Prompt -
When you transcribe the listing, keep each line exact and drop the pictures.

Data shown -

○ ○ ○ ○

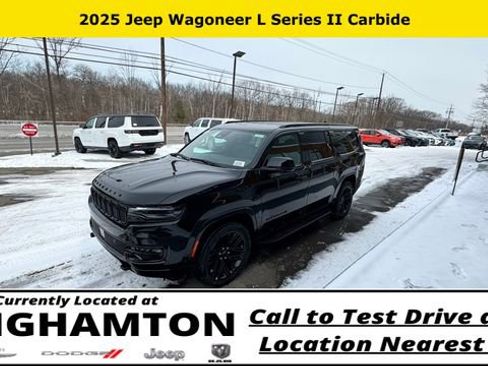 New 2025 Jeep Wagoneer L Series II w/ HD Trailer Tow Package w/25F image 13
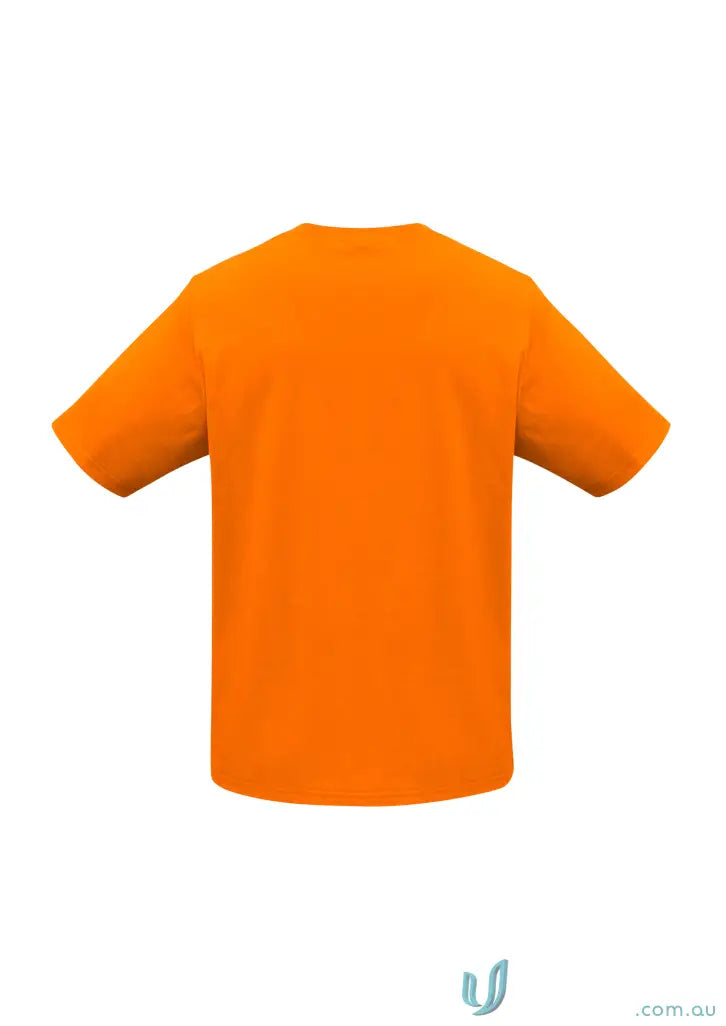 Brightport Tee orange ice tee short-sleeved t-shirt for Biz Collection style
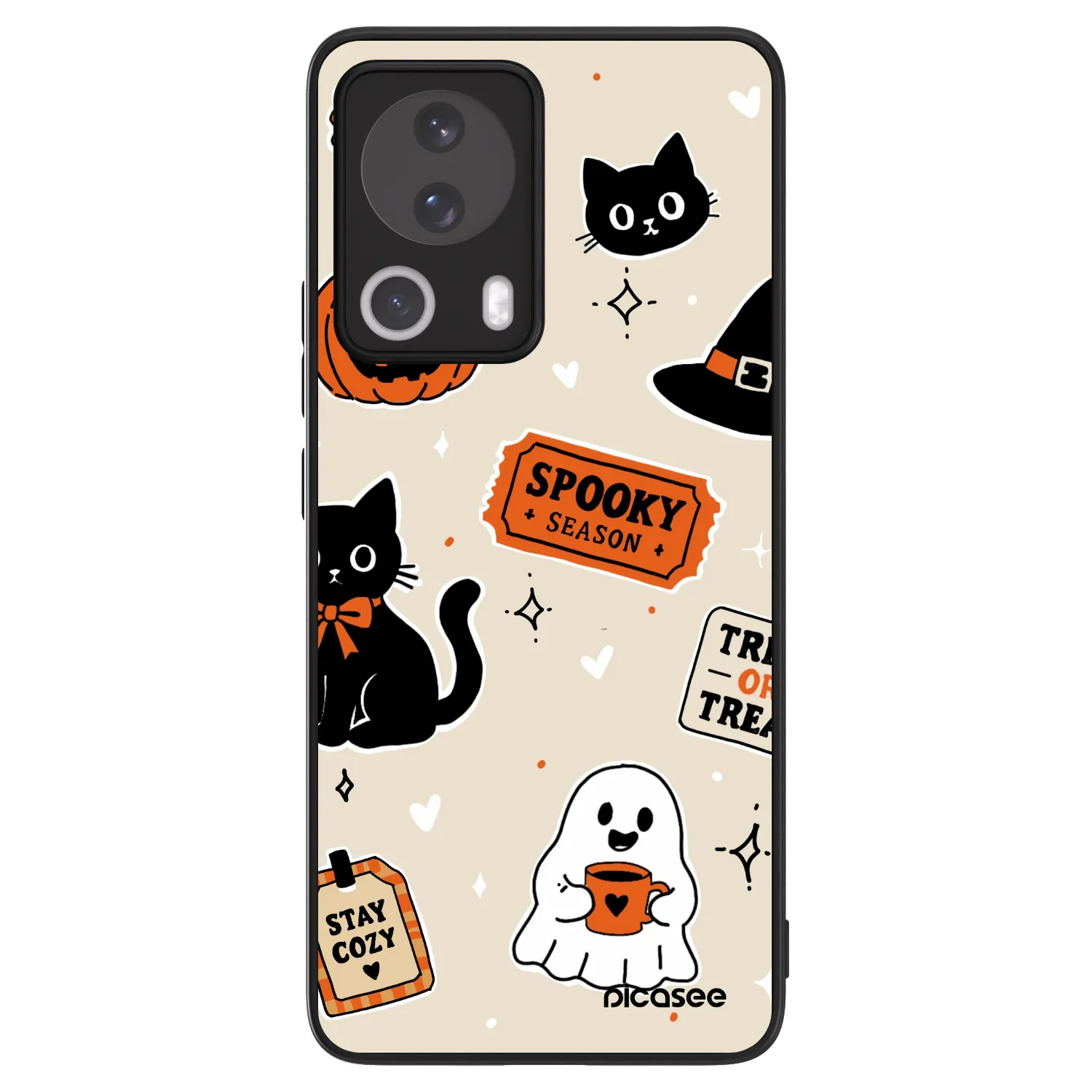 Picasee ULTIMATE CASE für Xiaomi 13 Lite - Halloween stickers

○ ○ ○ ○

Solution -
 New 2025 Jeep Wagoneer L Series II w/ HD Trailer Tow Package w/25F image 13
 Brightport Tee orange ice tee short-sleeved t-shirt for Biz Collection style
 Picasee ULTIMATE CASE für Xiaomi 13 Lite - Halloween stickers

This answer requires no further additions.